Could you restate every entry word for word, minus the pictures?

┌────────

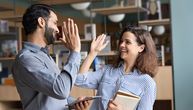 Preterana ljubaznost na radnom mestu može biti toksičnija nego kritika: Psiholog objašnjava zašto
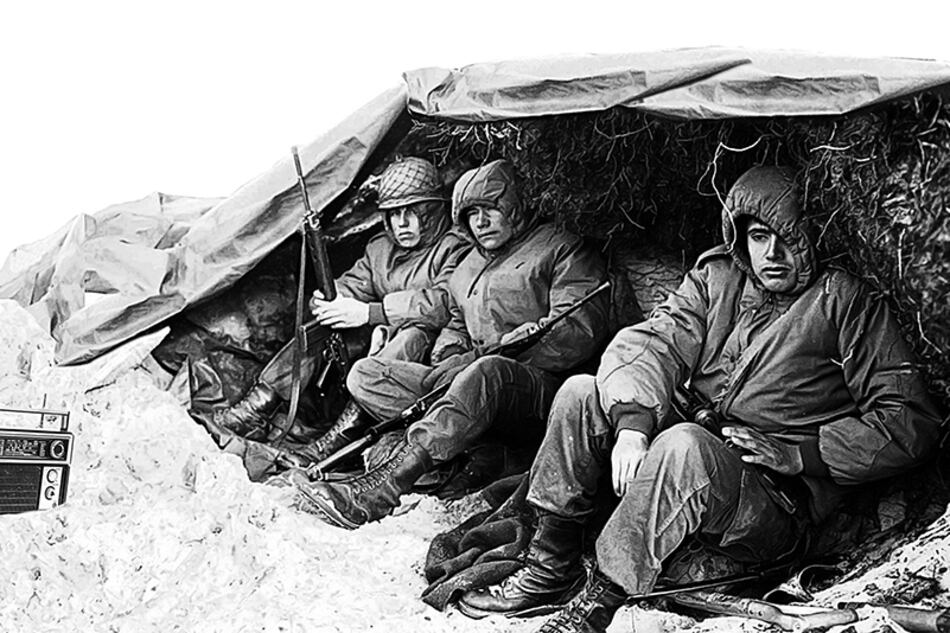 Soldados argentinos en una trinchera, durante la guerra de 1982.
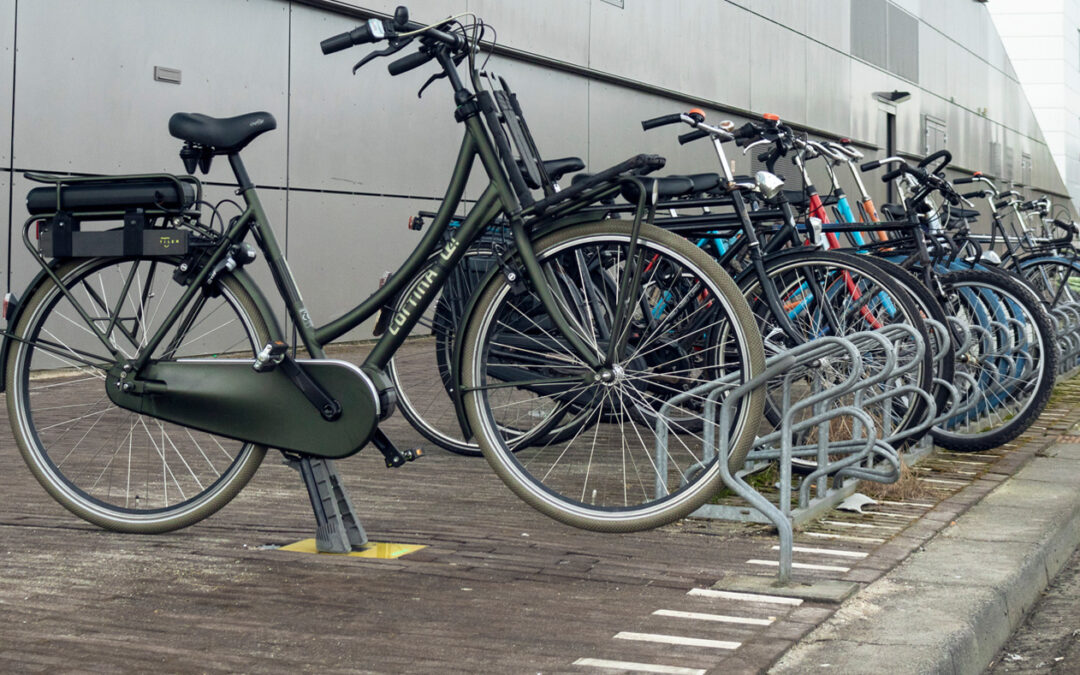 Hier werden E-Bikes ganz ohne Kabel geladen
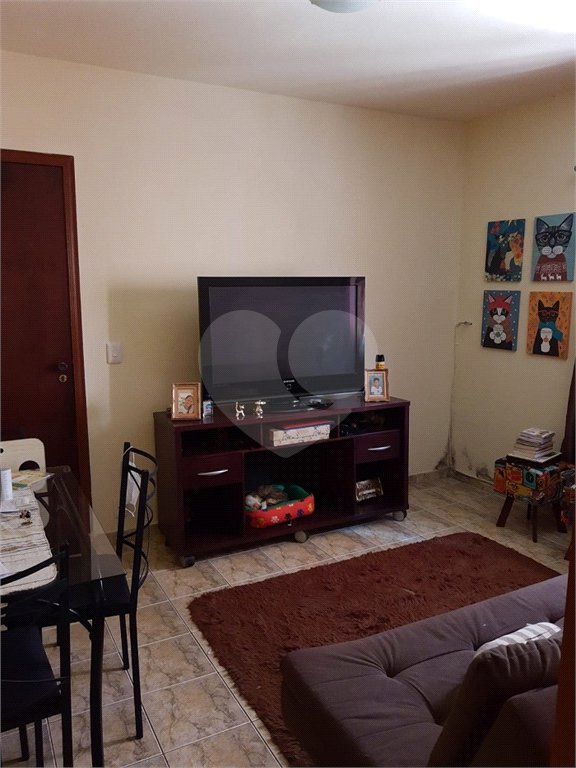 Casa à venda com 4 quartos, sendo 1 suíte, em Jardim das Palmas, São Paulo, SP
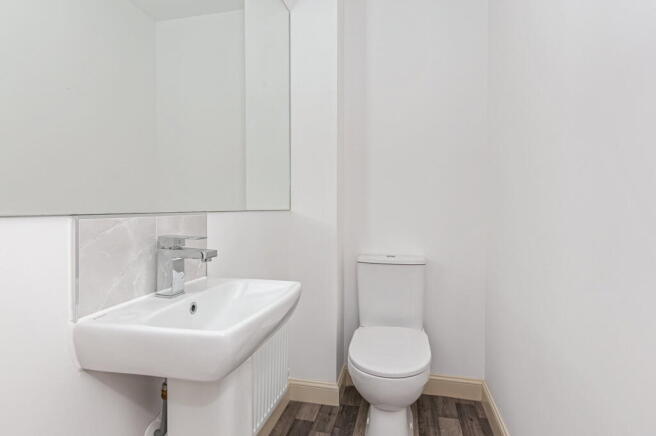 3 bed Semi-Detached for sale Image 8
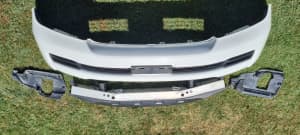 Front bumper bar and mounting rail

└────────

COMPLETED TASK:
 Preterana ljubaznost na radnom mestu može biti toksičnija nego kritika: Psiholog objašnjava zašto
 Soldados argentinos en una trinchera, durante la guerra de 1982.
 Hier werden E-Bikes ganz ohne Kabel geladen
 Casa à venda com 4 quartos, sendo 1 suíte, em Jardim das Palmas, São Paulo, SP
 3 bed Semi-Detached for sale Image 8
 Front bumper bar and mounting rail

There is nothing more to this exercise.